* _PROBLEM REQUIREMENTS_:
Within the records that follow, restate exactly the lines from the line with "Freezing To Death" down to the line with "Hamilton 74C45NW Hartland", including both. Omit the pictures.

Caption-style text data:
● ● ●

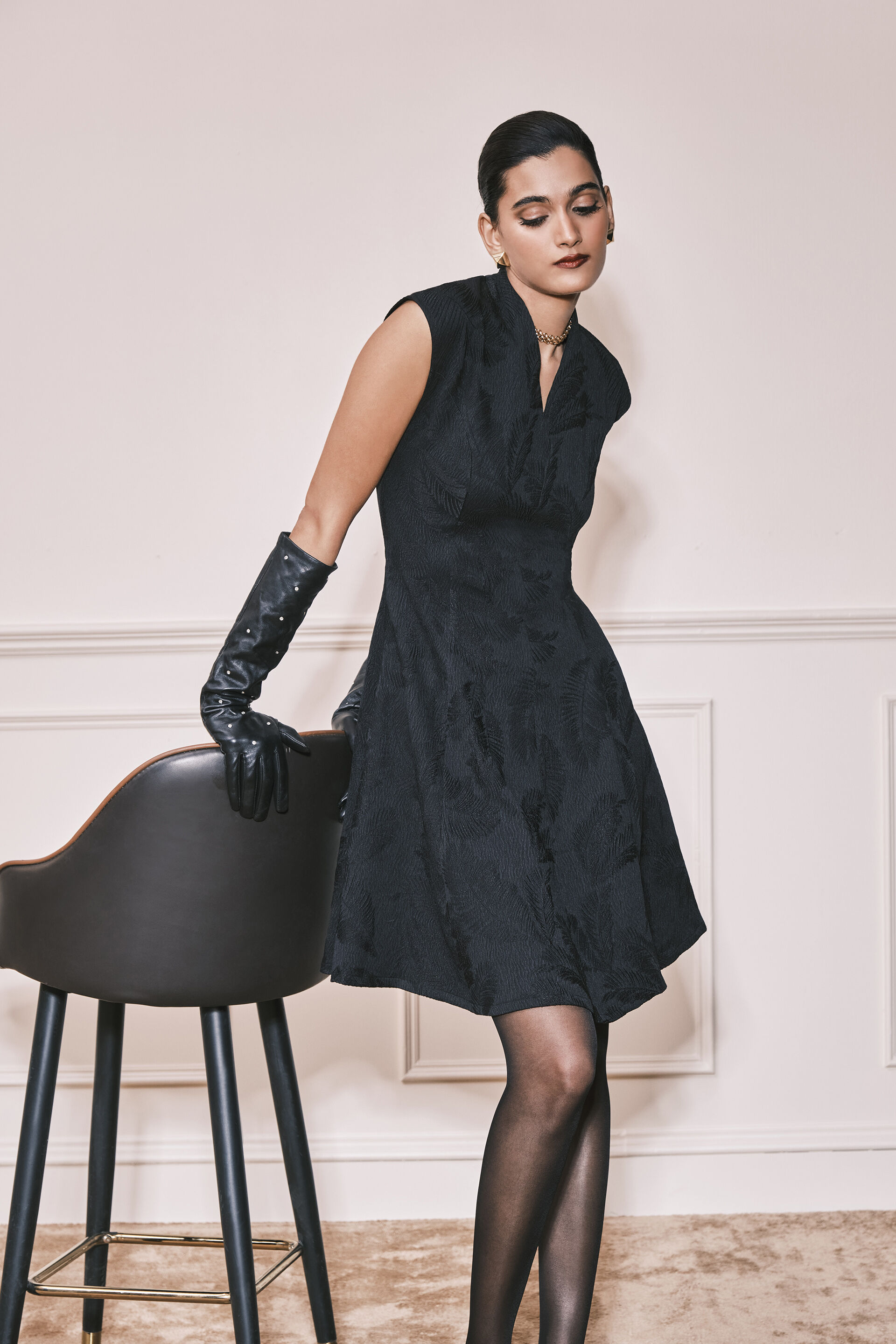 Dancing till Midnight​ Jacquard Mini Dress​, Black, image 4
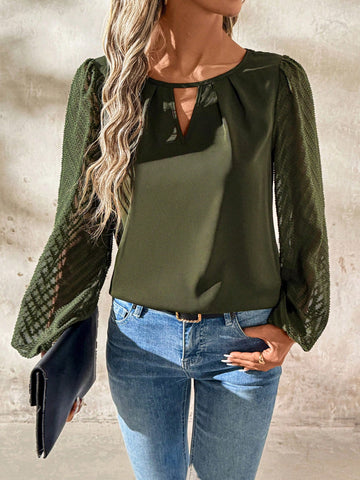Clasi Women's Textured V-Neck Long Sleeve Cutout Everyday Casual Commute Versatile Blouse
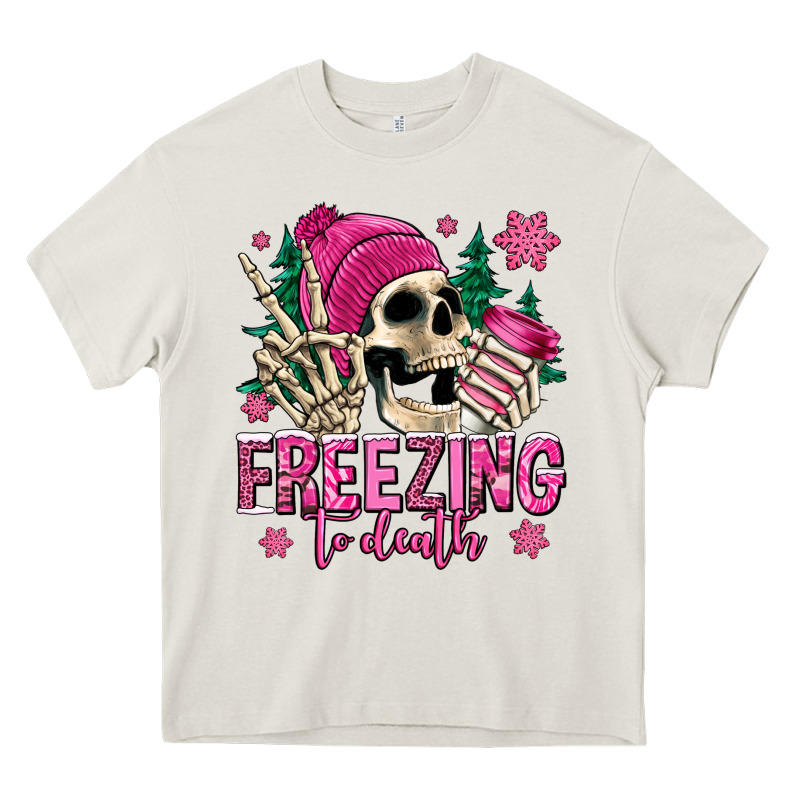 Freezing To Death Winter Skull Heavy Core Tee by Jasminsmagicworld | Teevron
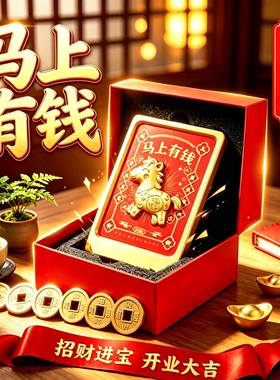 马上有钱金箔小马招财进宝礼品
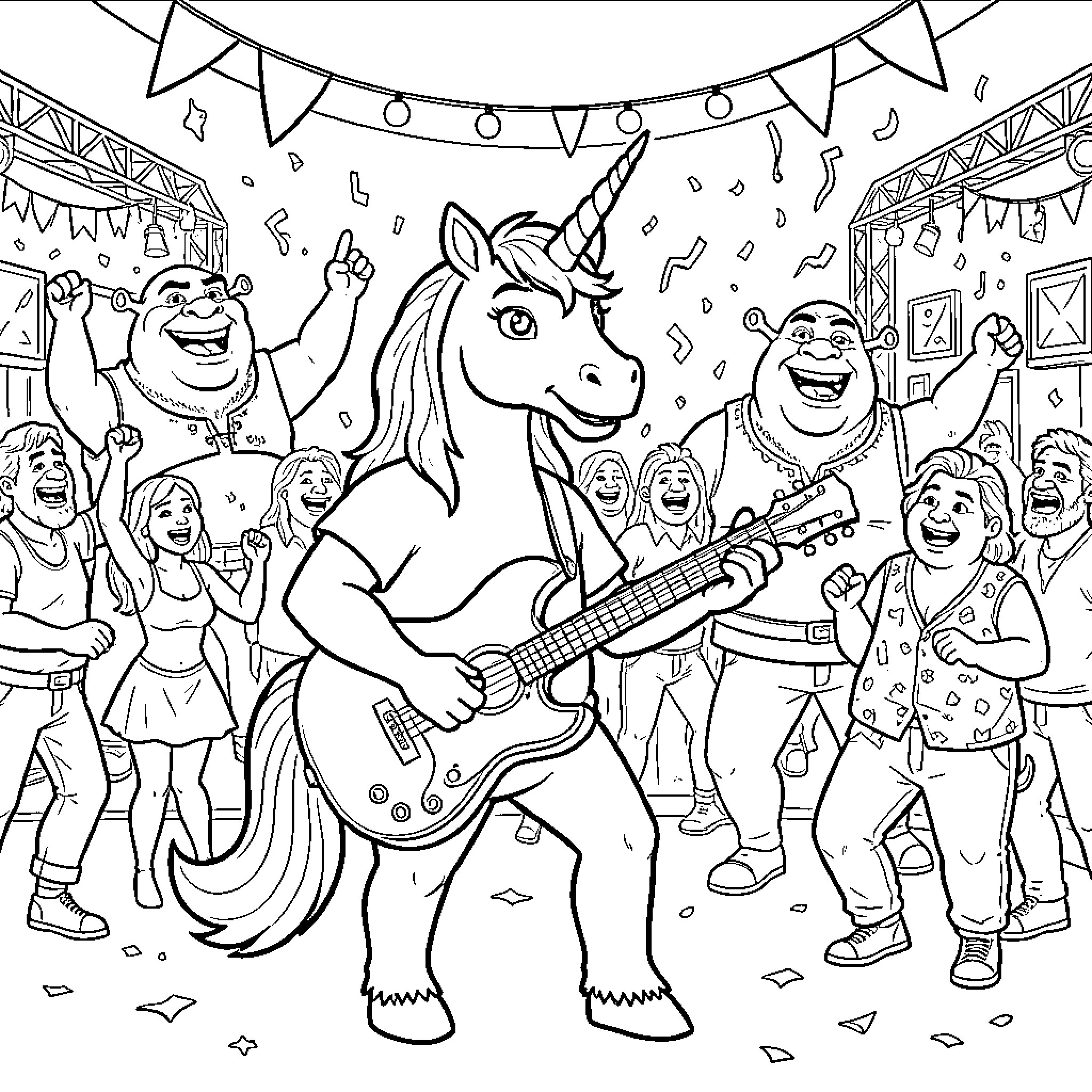 Unicorn playing guitar and celebrating with a cheering crowd Coloring Page (free black-and-white line drawing printable PDF for all, from beginners to advanced learners, including children, teens, adults, and seniors)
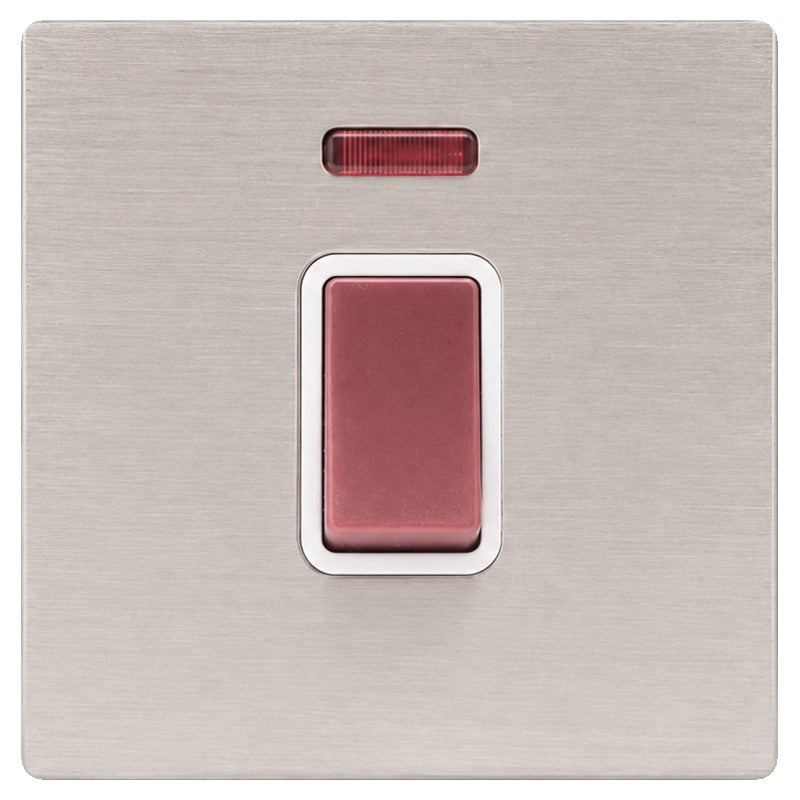 Hamilton 74C45NW Hartland CFX Satin Steel Effect 1 gang 45A Double Pole Rocker and Neon Red/White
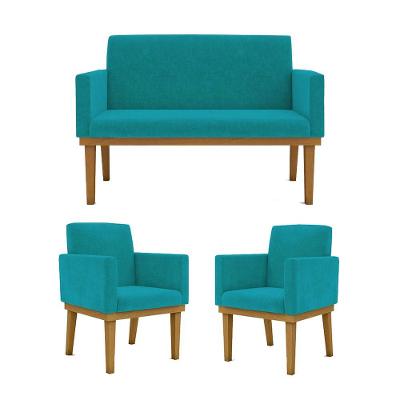 Ki 02 Poltronas Com Base + Namoradeira Sala azul Turquesa
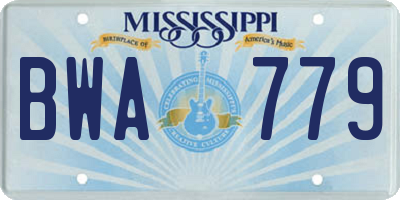 MS license plate BWA779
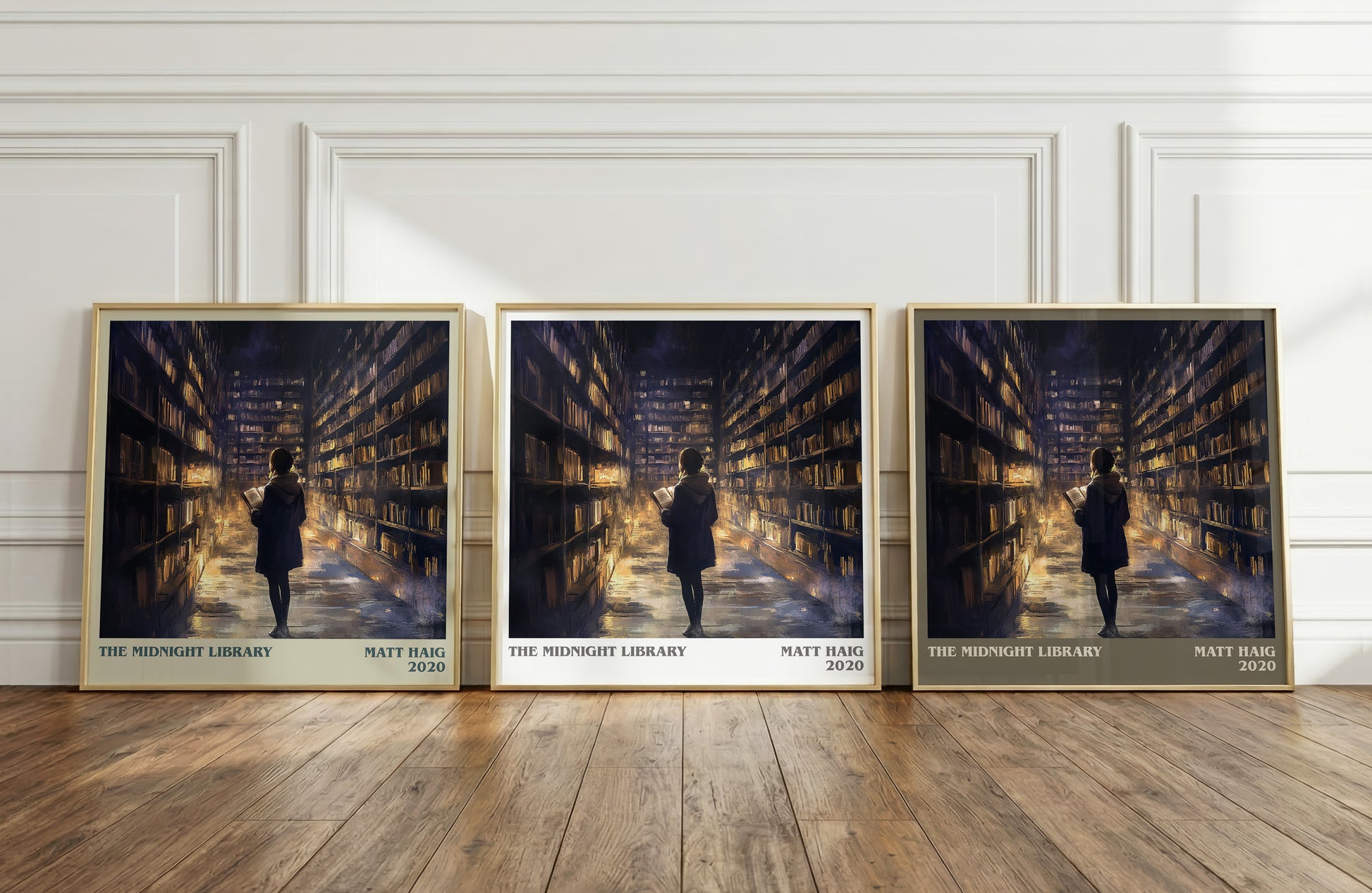 The Midnight Library literary print framed by window – literary home decor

● ● ●

* _THE COMPLETED TASK_:
 Freezing To Death Winter Skull Heavy Core Tee by Jasminsmagicworld | Teevron
 马上有钱金箔小马招财进宝礼品
 Unicorn playing guitar and celebrating with a cheering crowd Coloring Page (free black-and-white line drawing printable PDF for all, from beginners to advanced learners, including children, teens, adults, and seniors)
 Hamilton 74C45NW Hartland CFX Satin Steel Effect 1 gang 45A Double Pole Rocker and Neon Red/White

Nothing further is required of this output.